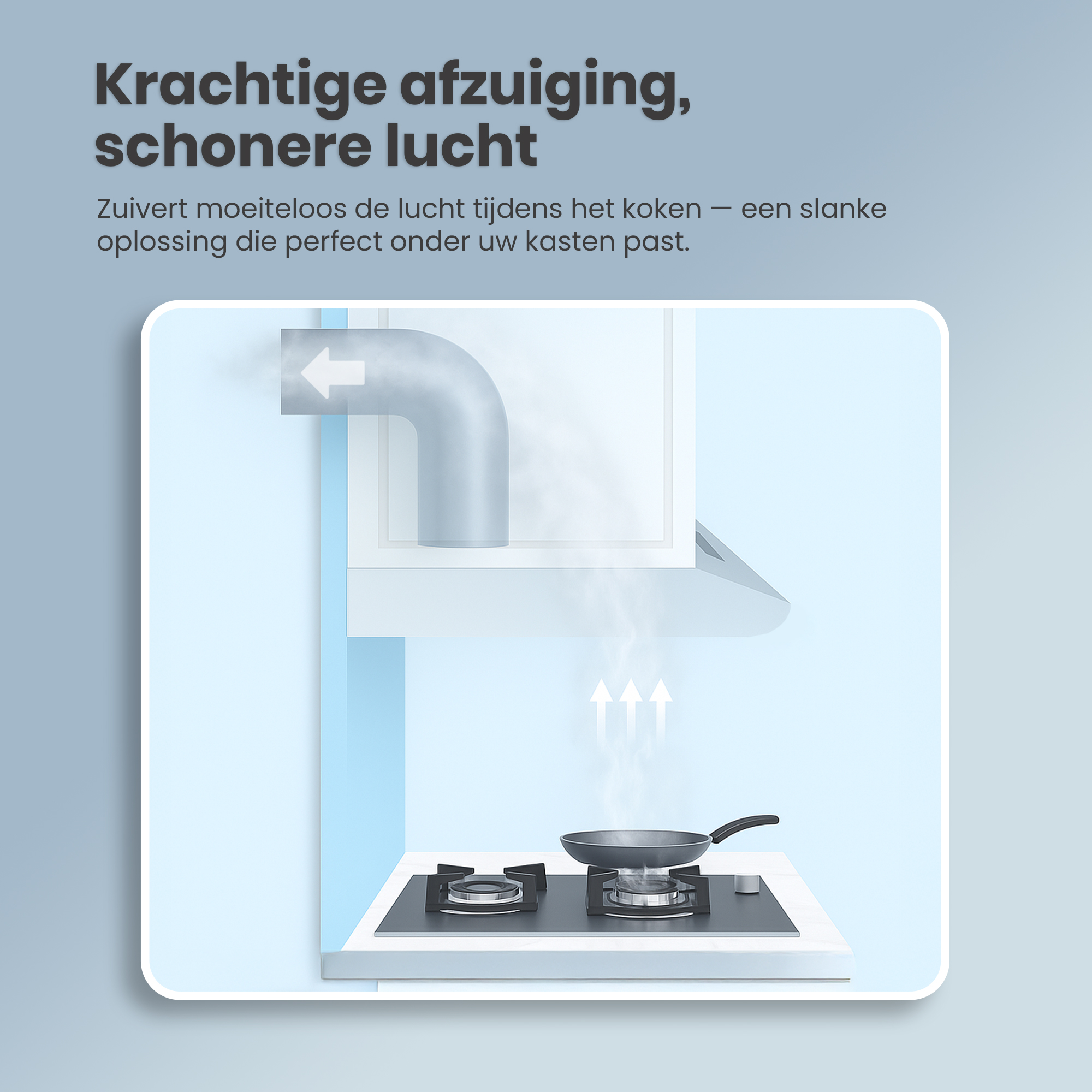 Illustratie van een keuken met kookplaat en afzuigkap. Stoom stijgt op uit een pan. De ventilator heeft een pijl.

* * *

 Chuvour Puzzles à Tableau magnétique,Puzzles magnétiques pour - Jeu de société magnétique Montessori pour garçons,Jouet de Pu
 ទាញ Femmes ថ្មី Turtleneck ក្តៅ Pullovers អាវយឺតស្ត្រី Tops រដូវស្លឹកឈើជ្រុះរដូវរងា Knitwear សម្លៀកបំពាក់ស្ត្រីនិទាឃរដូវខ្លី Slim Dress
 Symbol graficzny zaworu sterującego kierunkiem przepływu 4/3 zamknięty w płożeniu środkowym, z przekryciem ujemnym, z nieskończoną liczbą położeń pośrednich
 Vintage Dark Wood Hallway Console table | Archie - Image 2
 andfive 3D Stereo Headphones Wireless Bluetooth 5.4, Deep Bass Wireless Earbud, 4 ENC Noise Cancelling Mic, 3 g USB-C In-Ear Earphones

--

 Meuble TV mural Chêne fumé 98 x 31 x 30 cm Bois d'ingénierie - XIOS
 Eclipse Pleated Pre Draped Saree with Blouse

* Your goal
Reproduce verbatim only the segment of the listing bounded by the line containing "Meuble TV mural" and the line containing "Eclipse Pleated Pre Draped Saree with Blouse", with both boundary lines included.

* Answer section
 Meuble TV mural Chêne fumé 98 x 31 x 30 cm Bois d'ingénierie - XIOS
 Eclipse Pleated Pre Draped Saree with Blouse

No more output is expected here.